The National Association for PET Container Resources (NAPCOR) has rejected the premise of recycling both materials in tandem over concerns of separation costs, increased contamination and yield loss. The group also warned about the impact any such move would have on recycled PET quality and processing.
The trade group advocated “extreme caution” going forward, adding: “Today’s domestic PET recycling system can’t successfully absorb PLA containers, nor does this scenario offer a sustainable model for PLA.”
It further called on brand owners and the authorities to “to fully consider the impacts and the realities of the current situation when they make the packaging decisions that address their product requirements and sustainability goals.”
Tom Busard, NAPCOR Chairman, said: “We don’t doubt that PLA can be recycled but there are unquestionably some big issues yet to overcome. The current reality is that these issues transfer significant system costs and logistics burdens to the PET recyclers, impacting the viability and continued sustainability of their businesses.
“This solution not only jeopardizes the PET system, but is not an effective solution for PLA.”
A further issue, he continued, is that traces of PLA could be mixed with other out-sorts from the PET stream – including PVC and other resins – making marketing of the product even more “complicated”.
Because it is not easy to differentiate between PET and PLA containers by sight, companies may have to invest in new sorting machinery, said the body. One such system - near infrared (NIR) equipment - is believed to cost in the region of $200,000. Quality issues such as PLA getting stuck in the dryers during the PET reclamation process would also need to be addressed, it added.
Putting PET in jeopardy
Present volumes of PLA that can be extracted after the recycling process are too low to make up the critical mass required for a viable reclamation business model, said NAPCOR executive director Dennis Sabourin.
“The reality is that the PLA container becomes a contributor to PET bale yield loss which is already a big concern for PET reclaimers, as is the additional fraction of marketable PET which will invariably get sorted out along with the PLA,” he added. “So not only is there an increased cost for sorting and a higher yield loss, but without any practical way to aggregate the sorted material, or markets for it, it’s destined for landfill.”

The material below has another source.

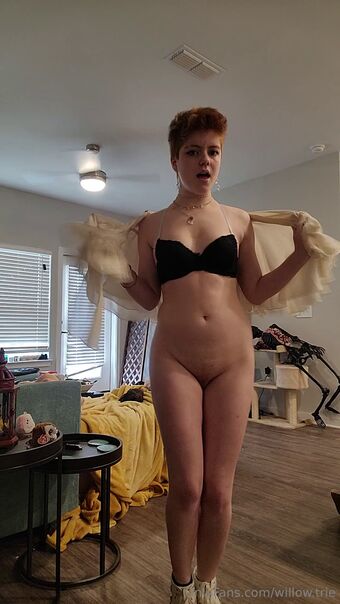 Willow Trie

The body said that many curbside recycling schemes relied on the market values of their materials and diluting their value goes against the need to bolster these programmes – especially in the current tough economic climate.
Sabourin commented: “NAPCOR has no wish to impede the recycling of additional resins including PLA, but we can’t sanction putting successful programs in jeopardy through the premature inclusion of other resins into the PET system.”